The new building was designed by Fairbairn & Lillie in the neoclassical style, built in ashlar stone and was officially opened on 30 December 1831. The design involved a three-storey symmetrical main frontage of three bays facing Waterloo Road; the ground floor featured a flush portico with three round headed openings separated by Tuscan order columns supporting an entablature with triglyphs and a pediment. The first and second floors were fenestrated by casement windows and the whole elevation was surmounted by a large pediment with an oculus in the tympanum. The building stretched back to Stamford Street but, as that frontage was situated in a more elevated position, the central section only consisted of two floors: the style was similar to the Waterloo Road elevation with a flush portico on the lower floor, three casement windows on the floor above and the whole section surmounted by a pediment with an oculus. On the Stamford Street elevation, the central section was flanked by single-storey sections and, at the corner with Market Street there was a further two-storey section with a mansard roof at the corner. Internally, the principal room was the market hall on the ground floor of the central section.

Following further expansion, Stalybridge became a municipal borough with the town hall as its headquarters in 1857. The American Civil War brought a shortage of cotton supplies for the local cotton mills and, in October 1862, a meeting was held in Stalybridge Town Hall that passed a resolution blaming the Confederate States of America and their actions in the American Civil War, rather than U.S. blockades of seaports, for the cotton famine in Lancashire.

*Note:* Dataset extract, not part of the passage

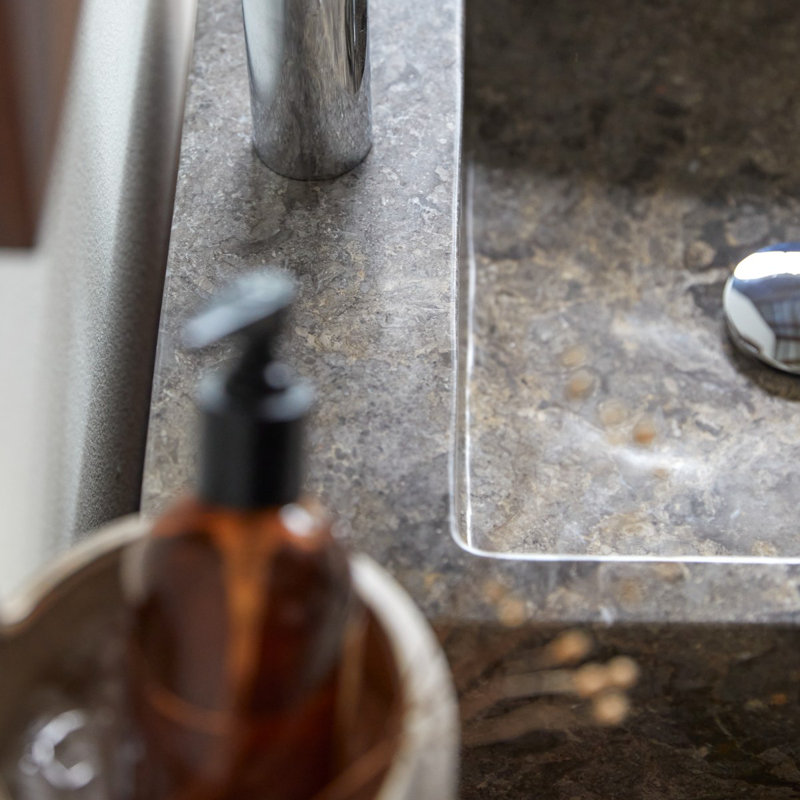 Slats Gray Marble Bathroom Sink, Gray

Conversely, the campaigner for factory reform, Rayner Stephens, speaking in the town hall, argued that the crisis was caused by the greed of the cotton mill owners.

In the early 1880s, the building was considerably extended to the southeast of the original structure with a new block, designed in the Italianate style, stretching along Market Street. The enlarged complex, which incorporated a public hall, a council chamber and a mayor's parlour, was opened on 22 September 1883.

A war memorial, designed by Ferdinand Victor Blundstone and intended to commemorate the lives of local service personnel who had died in the First World War, was erected facing the Waterloo Road entrance to the town hall and unveiled on 6 November 1921. The town hall ceased to be the local seat of government when the enlarged Tameside Metropolitan Borough Council was formed in 1974. The vacant building then became dilapidated: work started on its demolition but was accelerated by a major fire which destroyed what was left of the building in June 1989. The site was subsequently landscaped and turned into a garden. Blue plaques were subsequently placed on the lower part of the Waterloo Road elevation, the only surviving part of the original structure: they commemorated the general strike of 1842, the second phase of which originated in Stalybridge, and the life of the campaigner for factory reform, Rayner Stephens, who went on to establish a school in Stalybridge.